As soon as you start to work on a multiuser environment on backend (server) or on a frontend you will need threads. Sadly now you cannot use anymore static variables to store your data globally for a user. But there is a way there you can attach some global data to a specific thread. ThreadLocal is a commonly known pattern for this case in many languages, also in Java.

Seldomly you will find details about common pitfalls of ThreadLocal in Java. Go on reading to understand the ThreadLocal pattern and what you should avoid.

this article is work in progress

1. Common Pitfalalls

Developers who are new to ThreadLocal in Java are pretty happy to have a solution to access a global variable with specific data for this user. Often they forget, that the threads are getting provided from a thread pool. Means the threads are created on startup or to be more specific on the initialization of the thread pool itself. So you access either by a worker or by the threadpool wrapper a thread, which has an undefined lifetime. Let me give you an example. You have a server application with about 10.000 concurrent users over the day. The server itself runs usually without any restart over weeks or months. To reduce the load of creating new threads all common java servers have thread pools, which get initialized on startup and keep threads prepared for the workload.

1.1. Cleanup your ThreadLocal on leaving the thread

Means the thread which you get in such an environment may be already weeks old! So if you do not consider the corner cases in such environment your application may fail regularly. Let me explain one real life example I had to fix in the past. I was called for urgent support in a high workload and high revenue (tens of millions EUR a day) application. This application was terminating regularly without any clue by the developers what happend.

After analyzing the code and the production runtime I found a issue with the ThreadLocal usage. The developers created a ThreadLocal store to measure the network performance of a specific user. So they added the performance values to the ThreadLocal. On the response they passed these details to the user to visualize the performance. This was working great, but...

What the developers forgot is to cleanup the ThreadLocal after giving the Thread back to the thread pool. Means every time the thread was picked from the thread pool, the ThreadLocal store was extended with more performance data. Means userA added his performance data to the ThreadLocal, userX added his performance data to the ThreadLocal, and so on. So the ThreadLocal was growing other the time until the heap/memory was totally eaten.

1.2. Use only one ThreadLocal for all your thread global data

Often in code reviews I see multiple ThreadLocal variables also in teams with a highly skilled developers. So what is the issue with multiple ThreadLocal variables you may ask?

Let assume you have independent teams, the one is doing some technical stuff, the other some business areaA the other the business areaB and so on. So if everyone is storing data into the ThreadLocal you quickly loose the overview what thread global data is getting persisted and also in the worst case have to be synchronized over multiple nodes in clustered environments.

To avoid this use a ThreadLocal Context class, which keeps all references you need in your application. This is already shown above how to use a ThreadLocalContext.

1.3. ThreadLocal data needs to live longer than the usage time of the given thread

This is one of the common things which may happen. You have data, which of course is needed during the usage time of your thread. But sadly this data has to live even longer. Now you may have multiple options to keep this data. Keep the data in

  • in a persistent storage (e.g. you database)
  • in the application scope (time from starting the application till ending it)
  • in the session of the user (only valid from login until the session gets terminated)
  • in the request scope (time from request entry point to its response)
  • in the Thread scope (time from start using the thread till end using the thread)
  • in the class scope
  • in the method scope

The longer you need to keep the data, the higher the impact is on potential high availability and high performance requirements.

if you use data variables in the method scope the lifetime of the variable will be pretty short. So as long as you do not need to share this data along multiple threads or server-instances, you have no impact on the scalability and thus performance on your application. Nearly the same occurs on the lifetime of the class scope. As long as your class needs not to be synchronized/share across multiple threads or server instances, you do not have a big issue on scalability. Of course you need to keep an eye on synchronizing method calls, but this is some basic multithreading knowledge, you have to have if you develop on multithreaded application (e.g. with webservers).

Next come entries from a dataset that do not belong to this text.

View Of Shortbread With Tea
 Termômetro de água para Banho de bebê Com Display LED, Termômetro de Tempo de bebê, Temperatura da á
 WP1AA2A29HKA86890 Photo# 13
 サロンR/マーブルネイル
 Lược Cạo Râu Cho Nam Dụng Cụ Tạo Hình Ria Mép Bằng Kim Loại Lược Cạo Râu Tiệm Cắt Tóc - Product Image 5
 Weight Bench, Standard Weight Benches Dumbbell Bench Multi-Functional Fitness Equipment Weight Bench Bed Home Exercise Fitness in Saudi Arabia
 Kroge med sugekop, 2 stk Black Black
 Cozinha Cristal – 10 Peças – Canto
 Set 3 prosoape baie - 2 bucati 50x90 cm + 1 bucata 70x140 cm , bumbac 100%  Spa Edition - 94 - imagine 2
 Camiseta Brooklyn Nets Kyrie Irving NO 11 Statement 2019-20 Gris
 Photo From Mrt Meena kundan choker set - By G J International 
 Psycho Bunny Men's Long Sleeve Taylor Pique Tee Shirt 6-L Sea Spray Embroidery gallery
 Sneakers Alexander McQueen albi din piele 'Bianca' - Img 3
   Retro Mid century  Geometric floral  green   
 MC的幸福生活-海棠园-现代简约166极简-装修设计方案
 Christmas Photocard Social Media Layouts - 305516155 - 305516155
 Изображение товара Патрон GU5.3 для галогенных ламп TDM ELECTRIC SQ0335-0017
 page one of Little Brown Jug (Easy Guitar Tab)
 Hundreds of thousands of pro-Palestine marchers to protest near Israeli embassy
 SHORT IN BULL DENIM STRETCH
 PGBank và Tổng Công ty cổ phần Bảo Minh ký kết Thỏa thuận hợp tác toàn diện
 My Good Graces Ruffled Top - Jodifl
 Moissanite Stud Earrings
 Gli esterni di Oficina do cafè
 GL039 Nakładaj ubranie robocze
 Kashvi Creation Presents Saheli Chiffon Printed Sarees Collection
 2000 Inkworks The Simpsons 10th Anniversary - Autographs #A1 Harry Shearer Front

The impact start the higher you go up in the above given list. The ThreadLocal e.g. is already living longer als all of your created class instances. If you work on the request scope, you may already use multiple threads. If you go into the session scope you have already defined to use multiple requests, which itself have used already multiple threads. And so on.

Now if you need some data in a session of the user, the pain in clustered environment begins. Here you have to ensure, to have consistent session data over all nodes and over all nodes. Even if a handover from nodeA to nodeB was done, your session needs to be kept consistent. This consistency requires a high level of synchronization of your sessions over all nodes. And if you go to the application scope, here the data also has to live longer as multiple sessions. And on the top level, you have data which have to be kept over mutlitple application restarts.

2. Conclusion

Global variables are always a issue for keeping a application as much stateless as possible. But sometimes real life need some userspecific context data which itself may have a lifetime over multiple threads.